By Bernard Mulwa
Bar and hotel owners association have come together to speak on the ongoing national conversation on alcohol abuse across the country.
From the onset, Bahlita would like to acknowledge that the menace of alcohol abuse in our communities is a matter of concern both at the family and societal levels alike. While the recent move by the government to contain alcoholic abuse is welcome, there are some aspects of its implementation that we consider are not aligned with our expectations.
It is our considered view that the problem of illicit and counterfeit alcoholic drinks has largely been caused by the availability of cheap alcohol manufactured by dealers of fake products. This was further compounded by the laxity of security officers to heighten surveillance and enforcement mechanisms during the electioneering and transition period, especially during the 2022 General Elections. The result was that unscrupulous entrepreneurs took advantage of this lapse to conduct illegal business.
We note with great concern that part of the government’s plan against the sale of illicit alcohol is the reduction of licensed bars as well as the regulation of operating hours across various towns. We find this to be an affront to the efforts of Kenyan entrepreneurs who have invested their hard-earned money in running legitimate businesses that have in turn supported the livelihoods of thousands of young Kenyans and their families. Other auxiliary services like car wash, kinyozi and salons also risk closure if the government makes good its intention to implement these proposals.
It goes without saying that most of the illicit alcohol being sold around is done through unlicensed establishments, and even if we say that licensed entities are selling such alcohol is because the government has let its guard down and allowed the manufacturing of such alcohol. It is therefore improper for the government to punish even those entrepreneurs who are legitimately doing their business and paying the requisite taxes and levies.
We also wish to appeal to some County Governments like Murang’a which has vowed to implement the directive by the Deputy President, Rigathi Gachagua to reduce the number of licensed bars to reconsider their move. We are not opposed to any efforts to sanitize the alcoholic industry, what we are calling for is the involvement of all stakeholders during the implementation of some of these government policies. By bringing all of us to the table, we shall be able to have a deeper look at the grievances and get a way forward that serves all our interests without being seen as unfair to any party.
At the same time, as members of BAHLITA we wish to put it on record that a key component that has also led to the rampant alcohol abuse and increase in the production and sale of illicits is the continued increase of taxes on alcoholic drinks. A case in point is the proposed increase in the price of excise stamps through the Excise Duty Excisable Goods Management System) (Amendment) Regulations, 2023. If the amendments are approved as is, this will lead to an increase in the prices of beer and spirits with the common mwananchi bearing the brunt. It does not help matters that the rise comes just a few months after the implementation of the 6.3 percent adjustment for inflation that came into effect last October followed by a 10% increase in excise implemented in July 2022 following the 2022/2023 annual national budget.

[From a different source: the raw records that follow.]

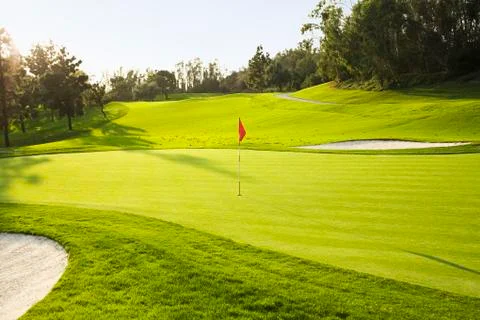 Flag on golf course surrounded by sand traps Photos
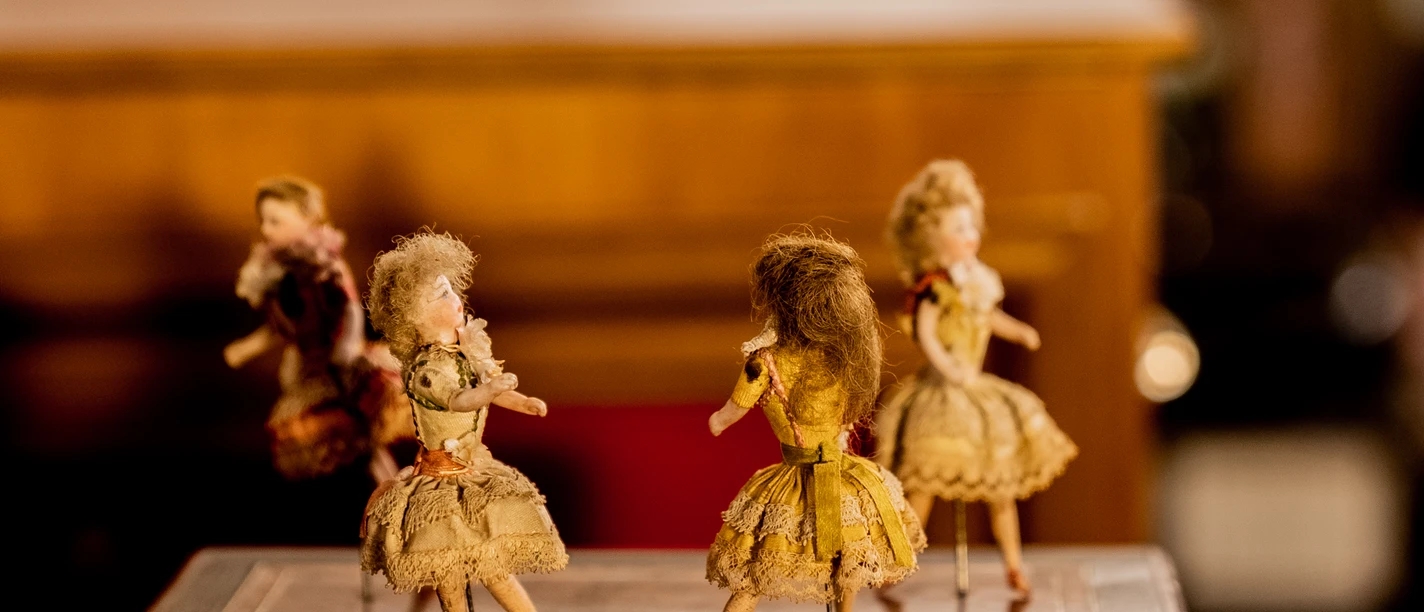 Drehorgelmuseum Vier antike Puppen in viktorianischer Kleidung stehen auf einem Holztisch in warmem Licht.
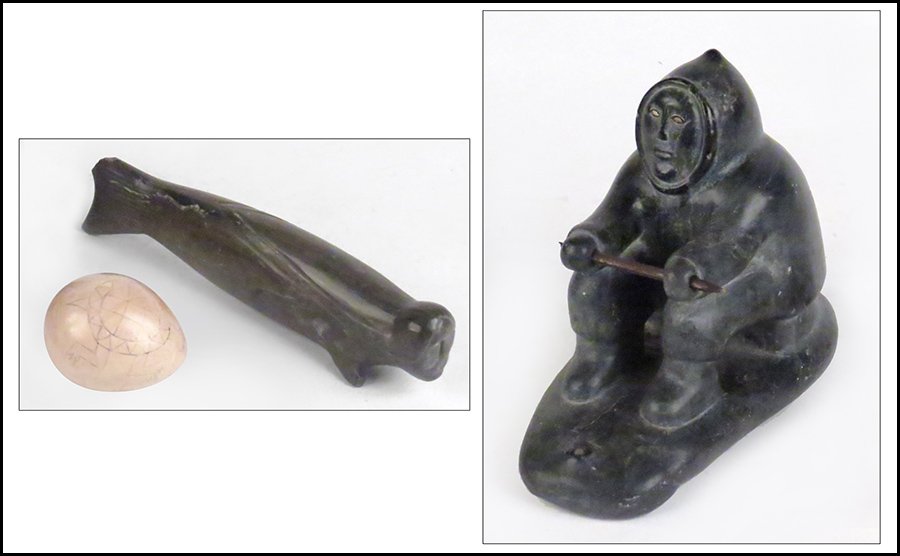 GROUP OF CARVED STONE INUIT ITEMS.: GROUP OF CARVED STONE INUIT ITEMS. Comprised of a seal, an eskimo fishing, and an egg bearing two turtle figures Seal L: 8.5''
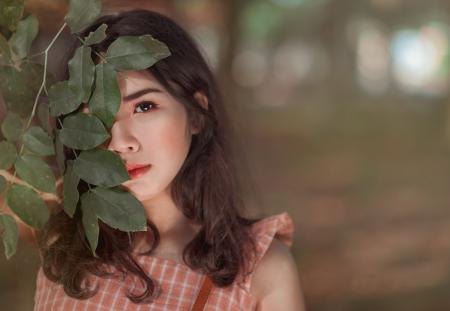 Woman Wearing Pink Sleeveless Top Behind Leaves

The above amendments in law continue to push away millions of Kenyans from accessing safe alcohol because they have proved to be out of reach for many. On 28th September 2022 BAHLITA urged the Government not to increase excise duty on alcoholic drinks and we highlighted the impact that the increase would have on the survival of businesses and employment. Unfortunately, the government proceeded and implemented a double increase in excise duty in 2022 and we are now facing a risk of an increase in the price of the products with the proposed increase in excise stamps.